### STORED DATA
——————

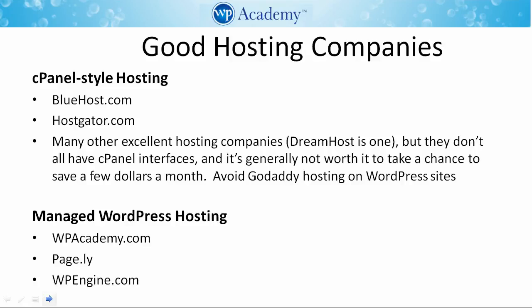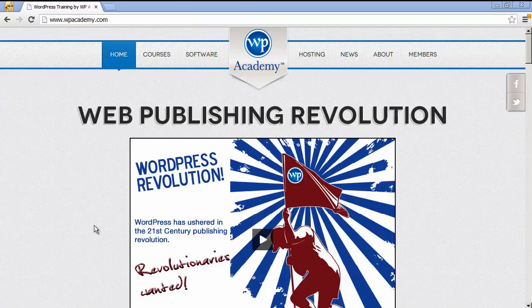You should also avoid GoDaddy hosting for WordPress sites — we have not had a good experience with that. If you're looking for managed WordPress hosting, WP Academy is my company and provides a great service at quite an affordable price. Pagely and WP Engine are also very high-value managed WordPress hosting companies.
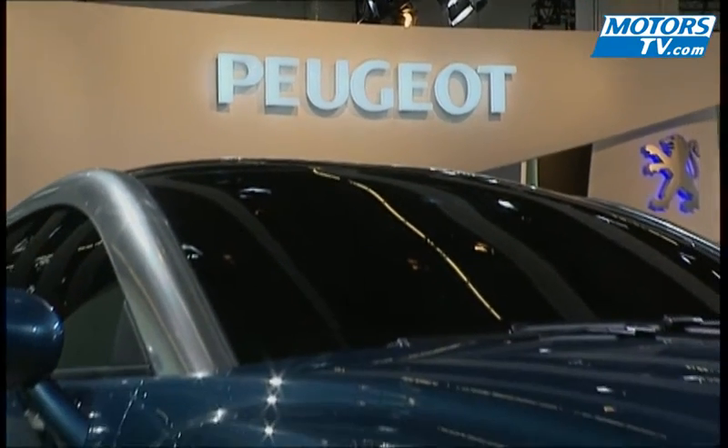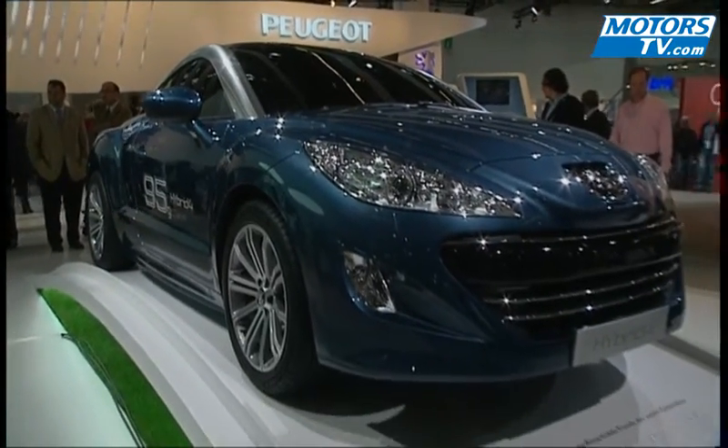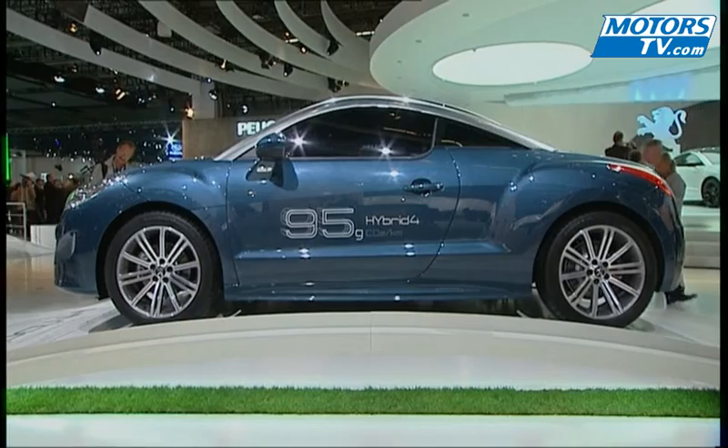Its coming-out dates back to the 2007 Frankfurt Show, when it was still a prototype, and now comes the definitive version of Peugeot's RCZ. With its aluminium roof arches, enlarged wheel wells, and double bubble roof, this 2+2 coupe could give the Audi TT a run for its money.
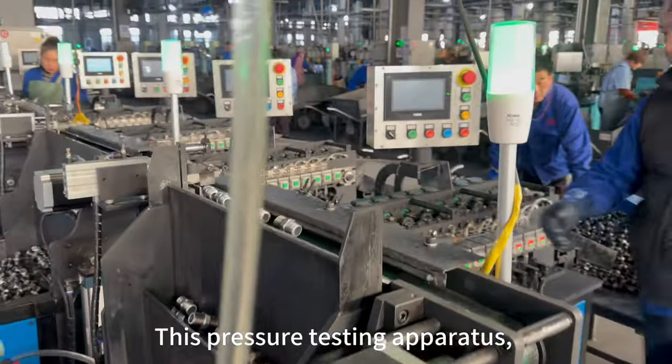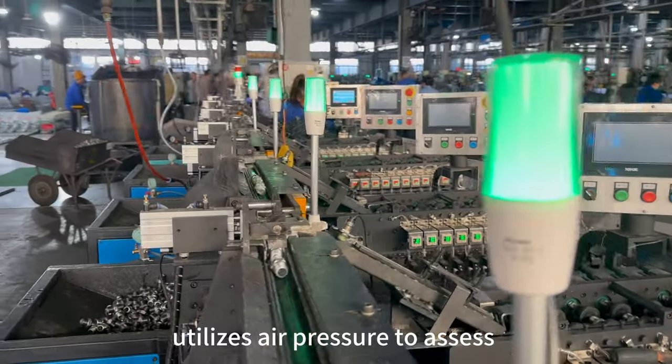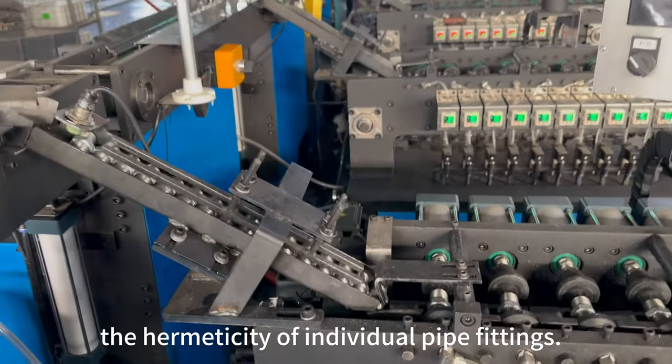This pressure testing apparatus, autonomously developed by our manufacturing facility, utilizes air pressure to assess the hermeticity of individual pipe fittings.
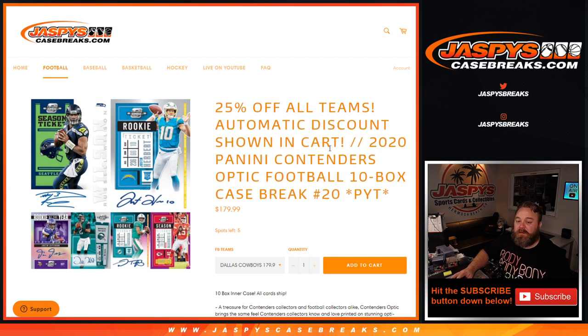And there you go guys, that's the break. So that card's going to go to the Broncos. That was 2020 Panini Contenders Optic Football ten-box case break, pick your team number 20, from JaspysCaseBreaks.com. I'm Sean — thanks for hanging out and I'll see you next time.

——————

### WHAT YOU ARE ASKED TO DO
Give all the lines above again, character for character, without pictures.

### ANSWER SECTION
You should also avoid GoDaddy hosting for WordPress sites — we have not had a good experience with that. If you're looking for managed WordPress hosting, WP Academy is my company and provides a great service at quite an affordable price. Pagely and WP Engine are also very high-value managed WordPress hosting companies.
Its coming-out dates back to the 2007 Frankfurt Show, when it was still a prototype, and now comes the definitive version of Peugeot's RCZ. With its aluminium roof arches, enlarged wheel wells, and double bubble roof, this 2+2 coupe could give the Audi TT a run for its money.
This pressure testing apparatus, autonomously developed by our manufacturing facility, utilizes air pressure to assess the hermeticity of individual pipe fittings.
And there you go guys, that's the break. So that card's going to go to the Broncos. That was 2020 Panini Contenders Optic Football ten-box case break, pick your team number 20, from JaspysCaseBreaks.com. I'm Sean — thanks for hanging out and I'll see you next time.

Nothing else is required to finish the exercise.